WHAT NEEDS TO BE DONE
Reproduce the data in full, exactly as it appears.

Top of DATASET RECORDS

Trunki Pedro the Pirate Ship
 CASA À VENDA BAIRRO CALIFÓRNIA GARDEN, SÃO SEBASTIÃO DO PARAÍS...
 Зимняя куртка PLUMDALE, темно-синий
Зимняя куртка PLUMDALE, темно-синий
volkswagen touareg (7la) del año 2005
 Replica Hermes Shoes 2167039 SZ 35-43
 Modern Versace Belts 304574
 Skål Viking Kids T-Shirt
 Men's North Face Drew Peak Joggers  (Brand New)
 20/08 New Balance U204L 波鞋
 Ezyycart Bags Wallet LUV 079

Bottom of DATASET RECORDS

FINISHED TASK
Trunki Pedro the Pirate Ship
 CASA À VENDA BAIRRO CALIFÓRNIA GARDEN, SÃO SEBASTIÃO DO PARAÍS...
 Зимняя куртка PLUMDALE, темно-синий
Зимняя куртка PLUMDALE, темно-синий
volkswagen touareg (7la) del año 2005
 Replica Hermes Shoes 2167039 SZ 35-43
 Modern Versace Belts 304574
 Skål Viking Kids T-Shirt
 Men's North Face Drew Peak Joggers  (Brand New)
 20/08 New Balance U204L 波鞋
 Ezyycart Bags Wallet LUV 079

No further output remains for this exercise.